Едва появившись в отряде, Мечик был ни за что ни про что оскорблен и избит, а потом уже стали разбираться, кто он и зачем явился. Морозка смотрел на Мечика «чужим, тяжелым, мутным от ненависти взглядом». Парень осознанно (в отличие от Морозки) пришел в партизанский отряд, чтобы защищать Советы, ему «хотелось борьбы и движения», а отнюдь не карьеры. Он мечтал быть в одном ряду с былинными богатырями, «голова пухла от любопытства, от дерзкого воображения».
Разочарование наступило очень быстро: «Эти были грязнее, вшивей, жестче и непосредственней. Они крали друг у друга патроны, ругались раздраженным матом из-за каждого пустяка и дрались в кровь из-за куска сала. Они издевались над Мечиком по всякому поводу – над его городским пиджаком, над правильной речью, над тем, что он съедает меньше фунта хлеба за обедом». Никто во взводе не был так унижен, как Мечик. И Левинсон объективно способствовал этому: направил его в самый расхлябанный взвод дурака, пьяницы и халтурщика Кубрака, дал ему самую паршивую, больную ящуром, дряхлую клячу с провалившейся спиной. «Он чувствовал себя так, словно эту обидную кобылку с разляпанными копытами дали ему нарочно, чтобы унизить с самого начала».

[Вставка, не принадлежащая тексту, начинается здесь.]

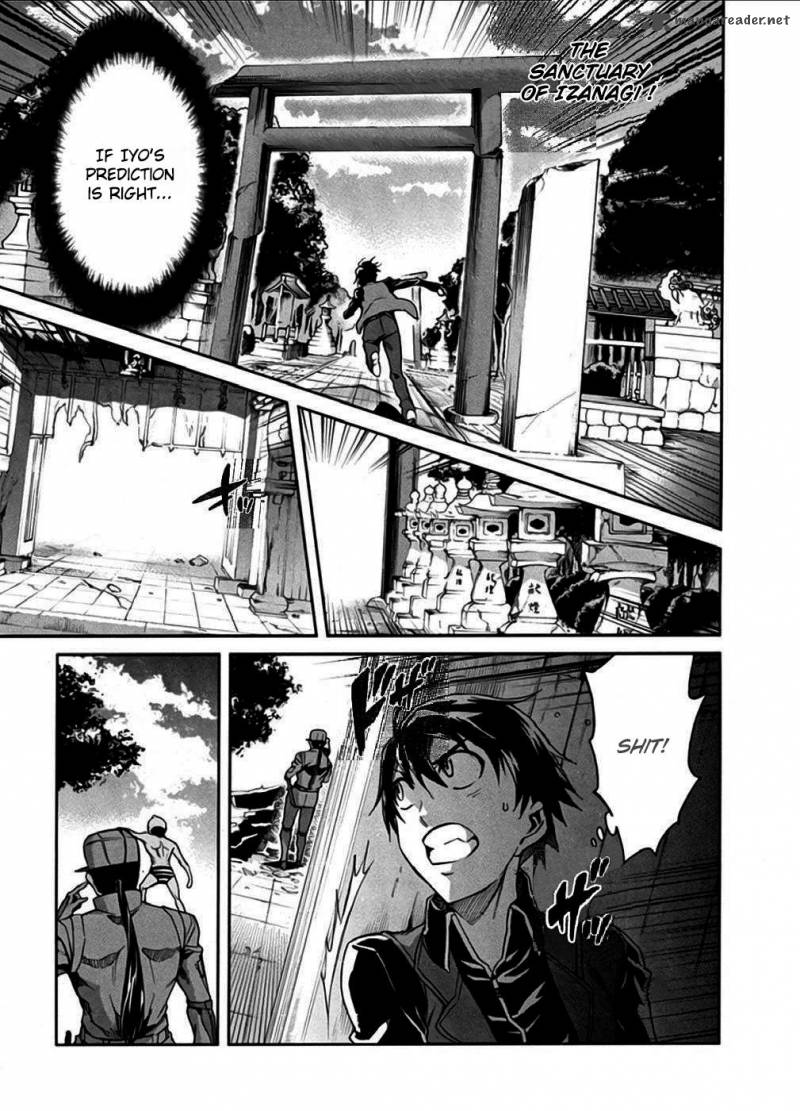 Big Order 23 2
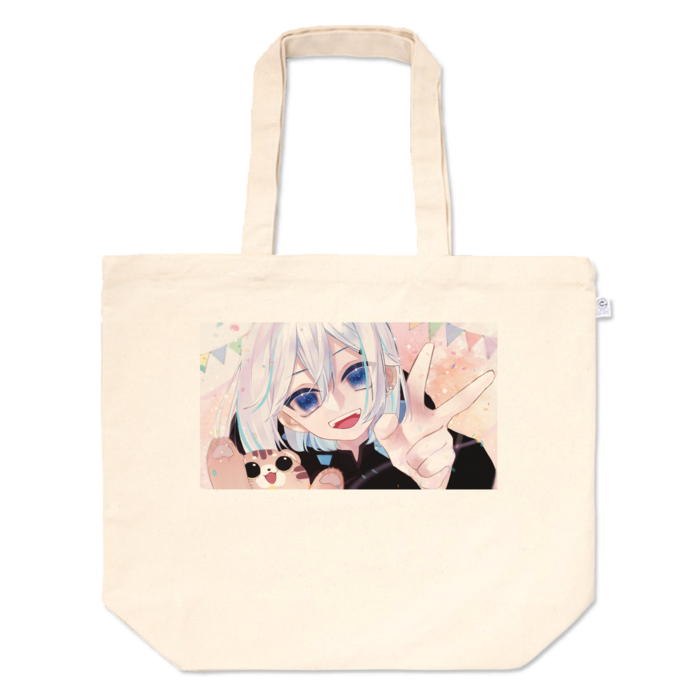 トートバッグ - L - プリント面積中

Господи! Да разве забредший в отряд человек стал бы терпеть эти издевательства? В два счета сбежал бы (ведь уходили же некоторые). Мечик не сбежал. Он вступил на труднейшую тропу жизни и смерти, «трудный крестный путь лежал впереди». Недавний гимназист терпит. Почему? Да всё потому же, что он не случайный гость, он шел в отряд с «хорошим, наивным, но искренним чувством», он идейный борец, в чем убеждают и его рассуждения в беседе с Левинсоном, и всё его поведение в стане тех людей, которые представляют собой чуть улучшенный, но в общем тот же тип новых хозяев страны, что изображены в «Двенадцати» Блока, – невежественных, презирающих интеллигенцию; это люди невысокой морали и культуры, идущие по земле «без имени святого», отрицающие, по выражению Левинсона, «злого и глупого Бога» и живущие по странному принципу, изреченному в другое время поэтом Семеном Гудзенко: «Нас не надо жалеть: ведь и мы никого не жалели».